With a great deal of prodding (full credit to @whuber) I seem to have solved it:
We re-write $y = \beta_1X_1 + \beta_2X_2 + \epsilon$ as
$y = a(X_1 + X_2) + b(X_1 - X_2) + \epsilon$
$y = aX_1 + aX_2 + bX_1 - bX_2 + \epsilon$,
$y = (a + b)X_1 + (a - b)X_2 + \epsilon$, therefore
$\beta_1 = (a+b)$ and $\beta_2 = (a - b)$.

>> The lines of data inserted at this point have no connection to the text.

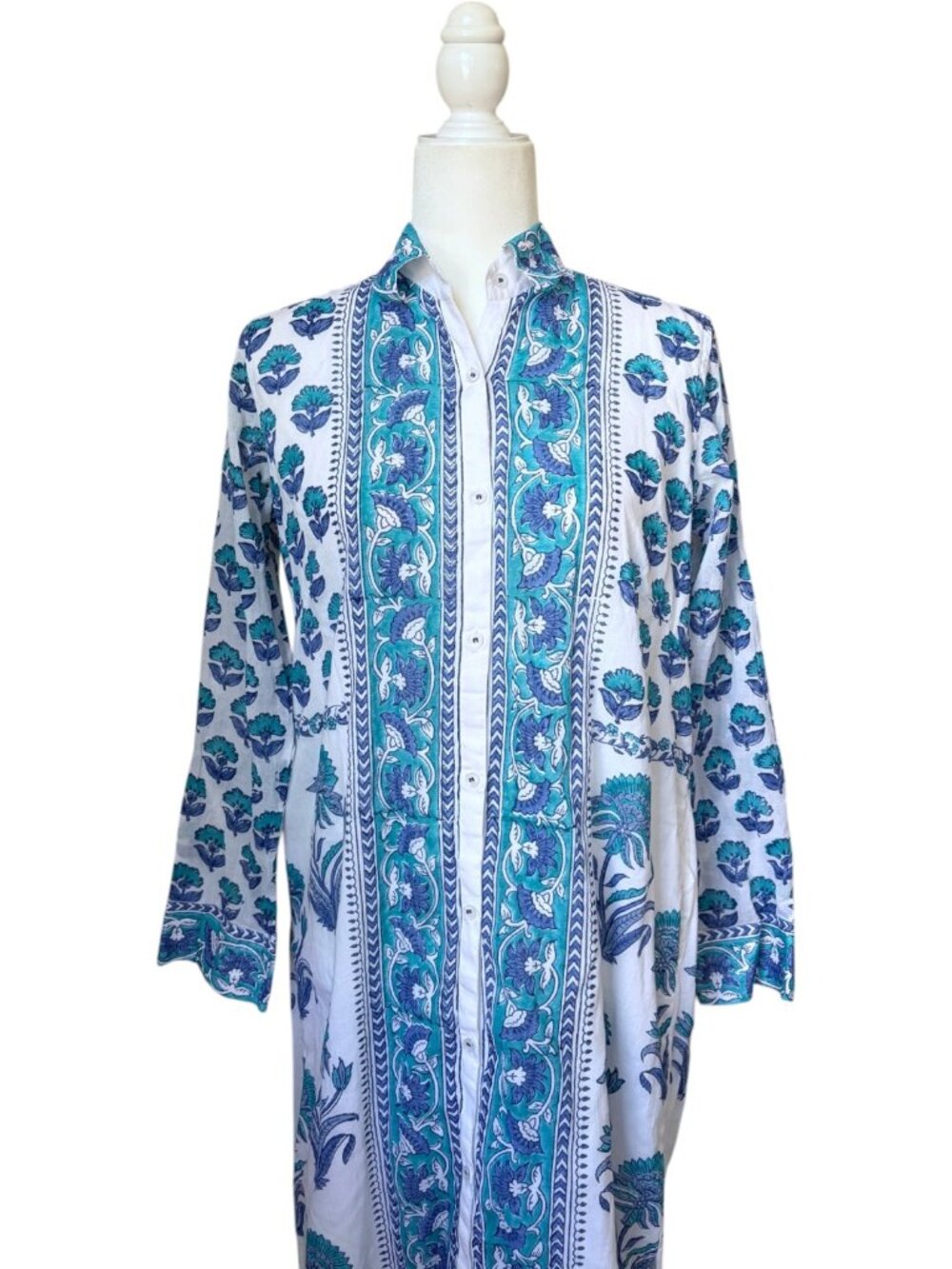 Bella Tu Aster Shirtdress Maxi Blue Floral Cotton Long Sleeve Modest Size Small - Picture 2 of 8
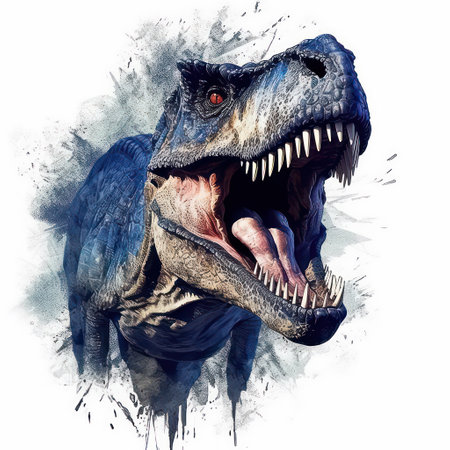 Tyrannosaurus rex. Digital watercolor painting on white backgroundの素材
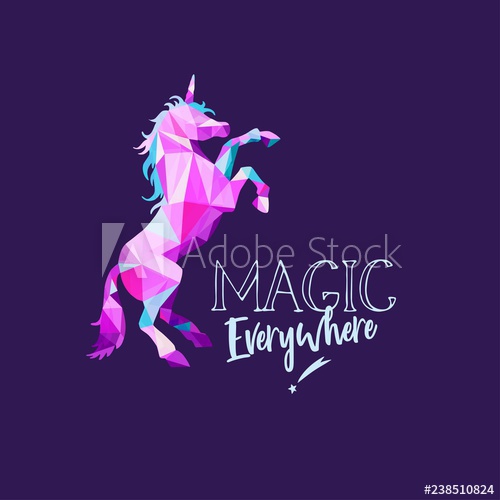 500x500 Unicorn In Geometric Low Poly Style Vector Hand Drawn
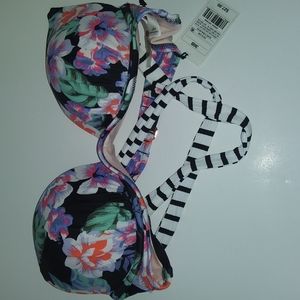 Black floral floral bra swimsuit top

Solving for $a$ and $b$ we get:
$a = (\beta_1 + \beta_2)/2$ and $b = (\beta_1 - \beta_2)/2$
What I estimate is equivalent to
$y = \delta(X_1 + X_2) + u,$
$u = b(X_1 - X_2) + \epsilon$. We know that the $k$th coefficient of a multiple regression can be recovered by first partialling out the regressors other than $k$. Thus, if I let $z = X_1 + X_2$ and $q = X_1 - X_2$, the regression coefficient $b$ in:
$y = az + bq + \epsilon$ can be obtained with the steps
(1) $y = \delta z + u$,
(2) $q = \lambda z + e$
(3) $u = be + \epsilon$. Substituting expressions back in,
$y = \delta z + be + \epsilon$ from (1).
$y = \delta z + b(q - \lambda z) + \epsilon$ from (2). Therefore:
$y = (\delta - b \lambda)z + bq + \epsilon$. Now we know that $(\delta - b\lambda ) = a = (\beta_1 + \beta_2)/2$, so we solve for $\delta$ which yields:
$\delta = (\beta_1 + \beta_2)/2 + \lambda (\beta_1 - \beta_2)/2$
Here is some R code to check the solution, or to play around with:
rep.func <- function(N = 100, b1 = 2, b2 = 10, s1 = 1, s2 = 5) {
x1 <- rnorm(N, 0, s1)
x2 <- rnorm(N, 0, s2)
eps <- rnorm(N)
y <- x1*b1 + x2*b2 + eps
z <- x1 + x2
q <- x1 - x2
lambda <- lm(q ~ z - 1)$coefficients
est.delta <- lm(y ~ z - 1)$coefficients
est.betas <- lm(y ~ x1 + x2 - 1)$coefficients
derived.delta <- sum(est.betas)/2 + lambda * (est.betas[1] - est.betas[2])/2
c("est.delta" = est.delta, "derived.delta" = derived.delta)
}
rep.func()
#> est.delta.z derived.delta.z
#> 9.77236 9.77236
library(ggplot2)
res <- t(replicate(1000, rep.func()))
all.equal(res[,1], res[,2])
#> [1] TRUE
ggplot(as.data.frame(res), aes(est.delta.z, derived.delta.z)) +
geom_point() + geom_smooth(method='lm') + theme_minimal()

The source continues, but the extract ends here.